I have been doing research on the SIFT (scale invariant feature transform) algorithm, and while I have repeatedly read that in order to detect image features that do not vary with respect to scales of visual perspective, a scale space must be constructed from the source image using repeated Gaussian smoothing and taking differences of those Gaussians. Then local extrema are found in the four dimensional scale space which are designated as scale invariant key points. How this process is performed seems straightforward, but my question is why does this process work at all? What is special about the Gaussain blur that allows us to do this? In the publications that I am reading (listed below), the reason this works is not clear to me.

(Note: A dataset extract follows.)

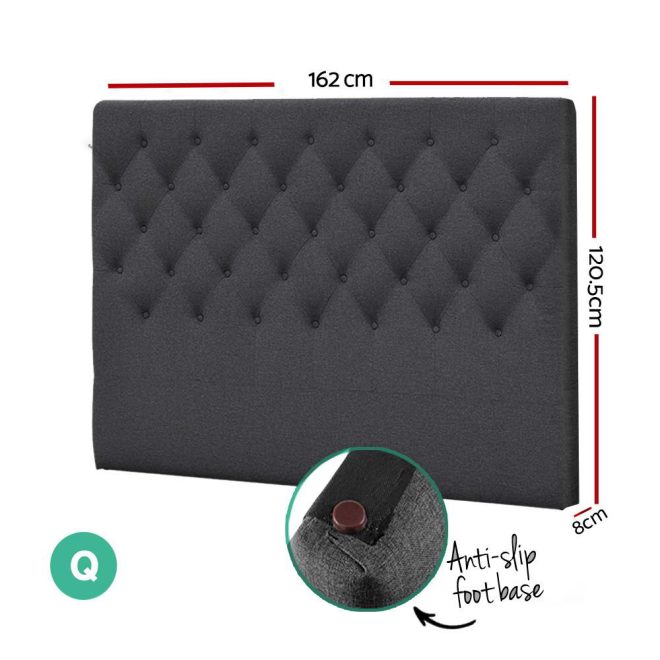 Bed Head Headboard Bedhead Fabric Frame Base CAPPI – QUEEN, Charcoal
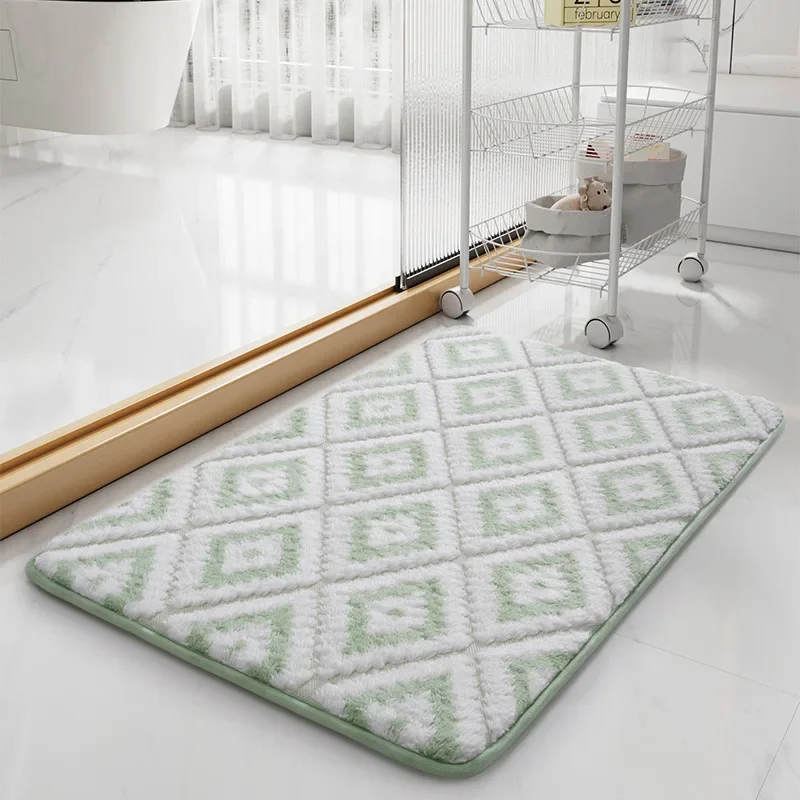 Bathroom Floor Mats, Absorbent Mats, Household Doorway Non-slip Stepping Mats, Bath Room Toilet Bathroom Supplies, Quick-drying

Lindeberg, Tony. “Detecting Salient Blob-like Image Structures and Their Scales.” Scale-Space Theory in Computer Vision (1994): 249-70. Web. http://www.nada.kth.se/~tony/abstracts/Lin92-IJCV.html
Lindeberg, Tony. “Scale-space.” Encyclopedia of Computer Science and Engineering. Vol. 4. N.p.: n.p., n.d. 2495-504. Web. 16 Oct. 2016. ftp://ftp.nada.kth.se/CVAP/reports/Scale-Space-EncCompSci.pdf
Lowe, David G. “Distinctive Image Features from Scale-Invariant Keypoints.” International Journal of Computer Vision 60.2 (2004): 91-110. Web.
EDIT
I have read many high level explanations of this concept, which generally say that as the sigma of the Gaussian increases, fine grained features should be suppressed and that coarse grained features should be generalizations of fine grained features. But I am looking for a more rigorous and possibly mathematical explanation of why this is the case.